Because I lost my dad in my early 30’s, I’ve had peers come to me for advice on how to support their friends when they lose a parent.
While it’s not a subject I’d choose to be knowledgable in, I’ve been able to share some advice. And now I’m going to pass it along to you. This is not the first or only blog post on this topic. A simple google search will return hundreds of posts. But maybe you’ll stumble on this and it will be helpful to you.
Know What Not To Say
Most people don’t know how to comfort someone who is grieving. So they either don’t say anything (more on that in a minute) or say something that’s just… not helpful. I think intentions are good, but delivery is off. So here are some things you should avoid saying:
They are in a better place
Stay strong
“At least”… (fill in the blank)
Everything happens for a reason
Let me know if there’s anything I can do (more on this below)
I know how you feel
Don’t abandon them
Often people think “well they are so busy, they don’t want to hear from me”. I assure you, they do.
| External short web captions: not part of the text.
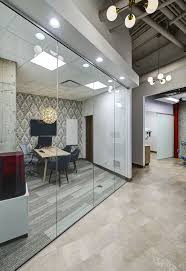 Chicago Pediatric Dentistry Orthodontics Building Design Dental Office Design Apex Design
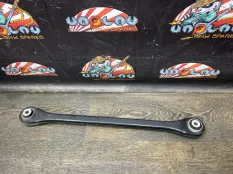 Рычаг задней подвески BMW F40 33326851569 B48A20E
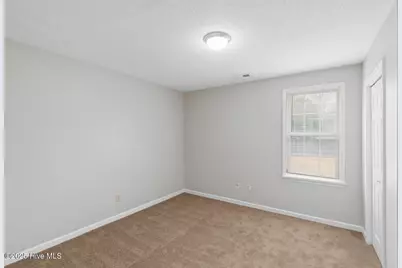 152 Settlers Circle, Jacksonville, NC 28546 - Photo 27
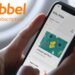 babbel lifetime
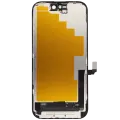 OLED Assembly For iPhone 16 (Aftermarket Plus: Hard)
It’s pretty hurtful when people who you thought were your friends just stay silent. Whether you want to admit it or not, staying silent is more comfortable for YOU, that’s why you’re doing it.
Offer something tangible that you can do
Do this instead of saying “let me know if you need anything”. I have a few reasons for this. 1) The grieving person may not be able to really think about what they need 2) When people would say this or ask me if I needed anything I would want to respond “yeah, I need my dad back”. So instead, think about what needs they may have. Food? A babysitter or giving kids a ride? Walking the dog?
Show up to the wake
I have gotten this question a lot. “Should I go? Will they even notice if I’m there”. Yes. They will. I had two of my best friends travel for my dads service. I had no idea they were coming and although I didn’t get to speak to them much, seeing them brought me a lot of comfort. If you feel uncomfortable with grief and are anxious about going, see if you can go with someone else. If not, it’s okay to be in and out. Just give your person a hug So they know you were there.
Avoid giving flowers
Look flowers are beautiful. But flowers die. After my dads funeral we had to throw away all the arrangements we got. Some of the more meaningful gifts I got included a donation in his memory to the American Cancer Society, and a garden stone with his name, birth date and death date engraved. It still sits in my moms garden. Other thoughtful gifts are wind chimes, or care packages filled with your friends favorite snacks, some books, tea, etc.
Remember that grief doesn’t end when the funeral does
One of the hardest things for me was when the funeral Was over and everyone else got to go back to their normal lives and just be normal. And it felt very lonely and isolating. over the years I’ve had friends reach out and just let me know they are thinking of me on important dates like his death anniversary, birthday, fathers day. So maybe you could take note of these dates on your calendar and make a point to send a card to your friend when these dates come around each year.
Offer for your friend to talk about their person
Not everyone will feel ready to talk. But, at least saying “hey I’m here if you want to tell me stories about your dad.” For me, telling his story has been therapeutic. Others may not feel that way. But I always appreciate when people listen.
In summary, be present and attentive. grief is hard to navigate, but by showing up, and showing that you care, you are helping your friend to heal.